Despite struggles, core is sound
D-backs' first-half woes may lead to restocking farm system
PHOENIX -- When the D-backs reported to Spring Training, there was plenty of optimism that they would be able to win their second National League West title in three years.
Three months later, the D-backs are sellers in the trade market, hoping to restock their farm system.
Injuries have certainly played a part. Ace Brandon Webb hasn't pitched since Opening Day and left fielder Conor Jackson has been out for much of the first half.
Instead of challenging the Dodgers for supremacy in the West, the D-backs will spend the second half evaluating their young talent for 2010.
Club MVPs: For now, it's a shared honor between outfielder Justin Upton and third baseman Mark Reynolds. Upton was the NL's Player of the Month in May and, despite a slump prior to the break, has been a force in the lineup. Reynolds' improved approach at the plate and in the field has been one of the bright spots in the first half.
Call him "Ace": Dan Haren has not only been the best pitcher on the D-backs' staff, but he arguably has been the best in the league. The right-hander has registered a quality start in all but one of his starts and more often than not has been dominating.
Greatest strength: The starting rotation has been the lone consistent part of this team despite Webb making just one start.

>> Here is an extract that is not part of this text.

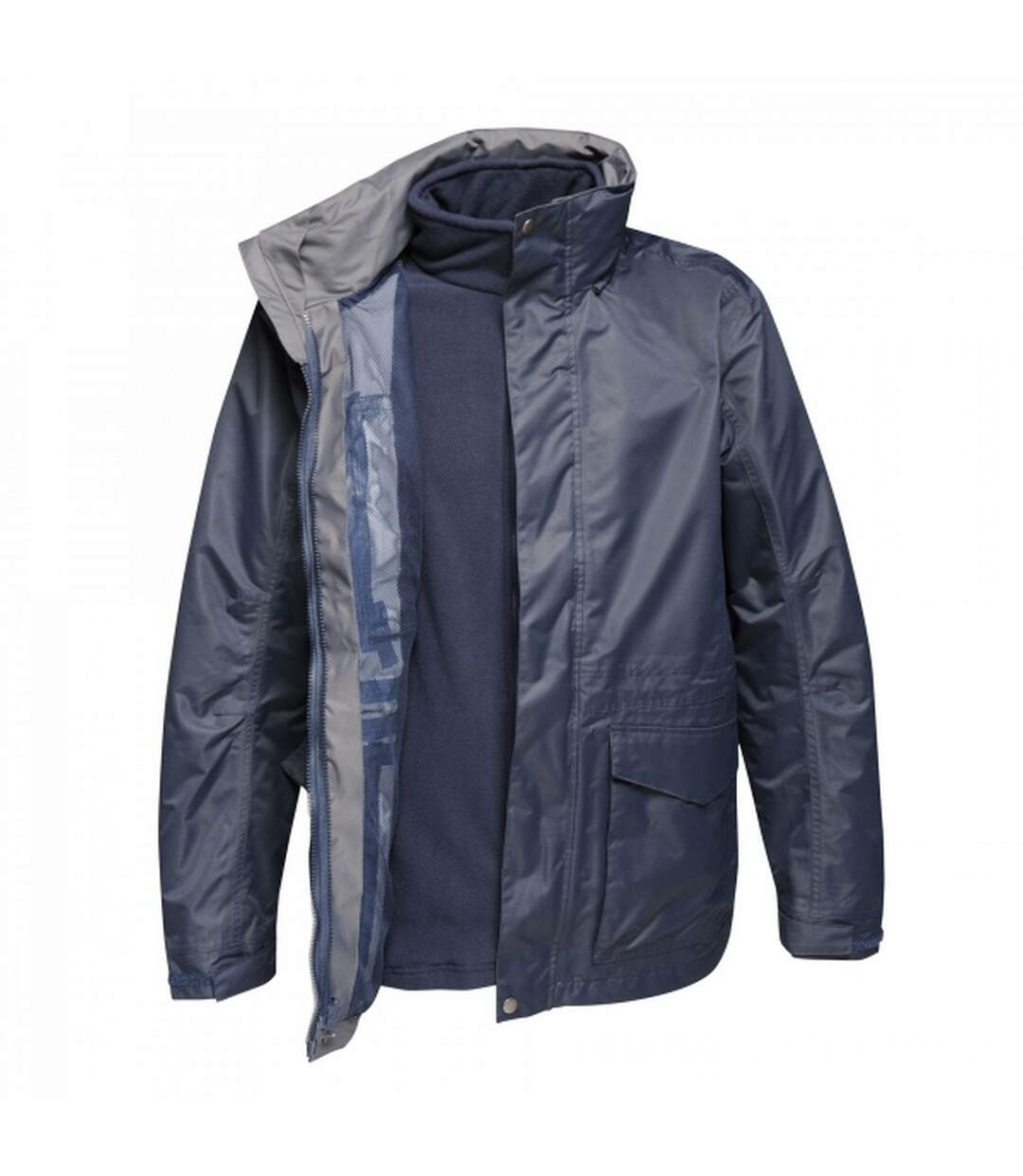 Regatta - Manteau imperméable BENSON III - Homme (Gris) - UTRG3742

Haren, Doug Davis, Jon Garland and Max Scherzer have consistently put the team in position to win and pitched their fair share of innings.
Biggest problem: Early in the season it was the offense, but over the last two months it has unquestionably been the bullpen. While there have been positives, the 'pen as a whole has been an Achilles' heel.

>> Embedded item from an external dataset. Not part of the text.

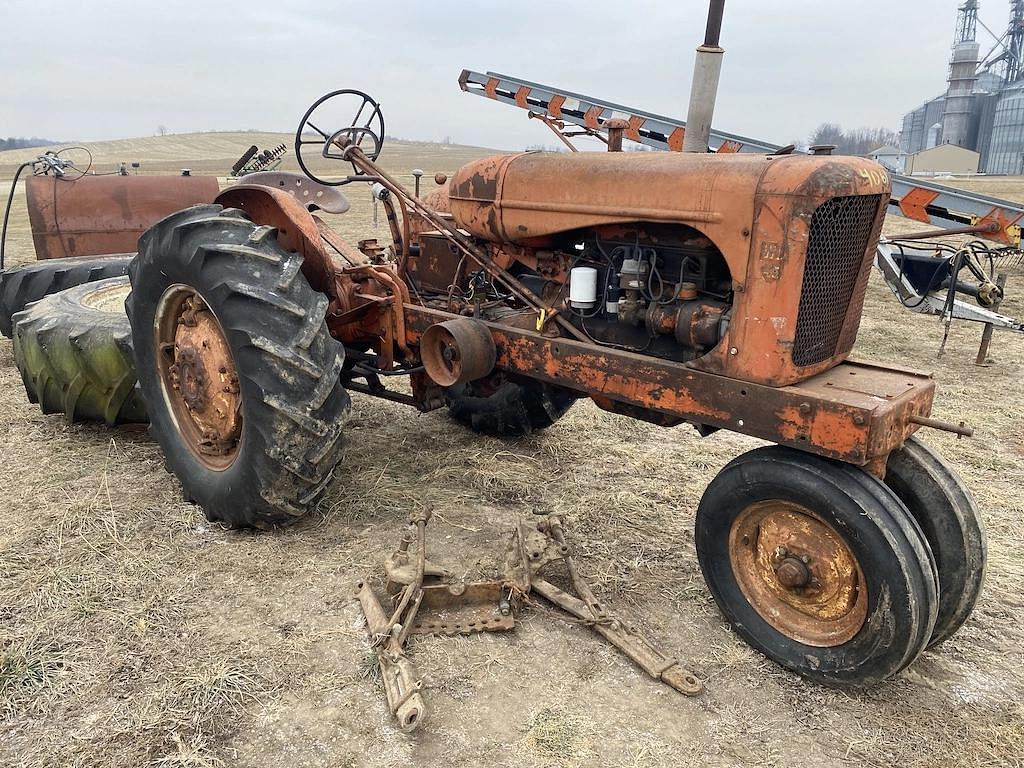 Image of Allis Chalmers WD45 Primary image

Biggest surprise: On May 8, the D-backs named A.J. Hinch to replace manager Bob Melvin. That Melvin was dismissed was not a huge surprise given his deteriorating relationship with GM Josh Byrnes, but the hiring of Hinch, who had no prior managerial experience and was the team's farm director, caught everyone, including those in the clubhouse, off guard.
Team needs: The D-backs have dug themselves too deep a hole to make the playoffs a realistic goal. Instead, the team needs to focus on the future. The team is committed to its core players so it needs to figure out what moves need to be made around it in order to retool for 2010 and beyond. That includes giving some of its younger players consistent playing time and dealing free agents-to-be, veterans such as and Felipe Lopez, to restock the farm system.
He said it: "Our stated objective is pretty clear. We have a core of players that we don't' really want to touch, we have some players we might consider if we get pieces back that have long-term value to us. Those discussions will go on. Whether they lead to more trades or not, I don't know." -- Byrnes.
Mark your calendar: The bill for all those home games in April comes due in August when the D-backs play 19 of their 28 games away from Chase Field. The month includes two three-city trips.
Fearless second-half prediction: The D-backs will play better in the second half, but not well enough to reach the .500 mark overall.
Steve Gilbert is a reporter for MLB.com. This story was not subject to the approval of Major League Baseball or its clubs.